Personally I keep loads of them just on my PC.
Then every year I create a couple of albums with a selection of our most treasured shots. I use Blurb for that. "Why?" you ask? Well, first of all they are the only company that will print more than 120 pages in a book. And yes, I surpass that amount of pages without effort. Secondly, they are professionals with high quality products and not unimportant, they actually ship orders destined for the EU from within the EU so there are no import taxes to be paid.
I also make a number of scrapbook layouts -digital, hybrid and traditional- throughout the year depending on my desire to do computery stuff.
And lastly I use some of them to scatter around the house in the shape of homely decor.
This is a good example:

It's on old type case -after all I am the daughter of an antiques dealer - that has been filled with a vast amount of pictures and some embellishments from my scrapbook stash. Getting the type case to look like this was quite time consuming. First it needed to be cleaned. The old type case came with some seriously old dust. Then I varnished it to give it back it's sheen and to prevent it from becoming too dusty again. At that point in time I measured out the dimensions of the squares and resized and cropped the dozens of pictures that would be going in it. Once they returned from the printers I cut them all out and did some tweaking to the dimensions with an exacto knife. Old type cases, as all things old, have the tendency to be a bit uneven and crooked in most places. Once the pictures did fit, I glued them in place and brought some variation to the overall case by using small embellishments in a number of squares.
The result is a cheerful and random glance into our daily life of 2008.
It was hanging on the hallway wall ever since. But last week we redecorated that wall and put up some magnificent wallpaper on the wall in question. And whilst the wall looks brilliant now, the type case needs to move as the two don't match. For now it's patiently awaiting some repairs -mostly new glue on the pictures- on the floor of my workspace.
The discussion on where to put it is still very much alive and although we are open minded there's one constraint. It needs to be in a place where the children can see it. They like nothing better than to sit back and reminisce in front of it.

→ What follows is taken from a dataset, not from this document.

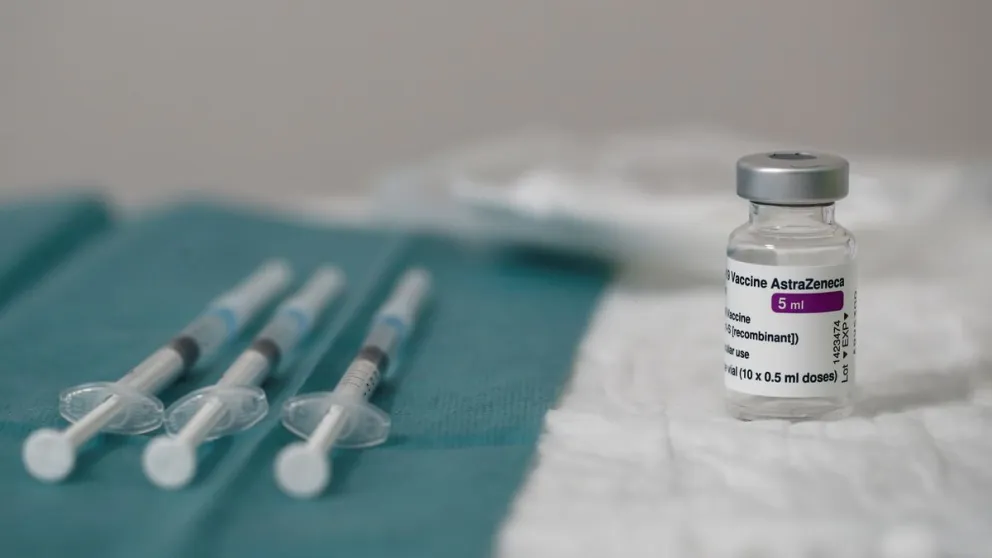 Europa suspende la vacuna AstraZeneca por evaluación de efectos adversos graves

Where would you put it? Any suggestions perhaps?




Couldn't you just stick a see-through plate and 4 legs on the thing and use it as a children's table or -heavens forbid- an artsy coffee table?
Well... that's not a bad idea at all. Too bad though that I'm not keen on it... whimsical and fickle as I am.... :)
lol
'Not bad at all, but it's crap.'
Again: lol
Hmm, what about... putting it on the floor, leaning with it's back against another thingie, to form kind of a functional wall, at hip hight?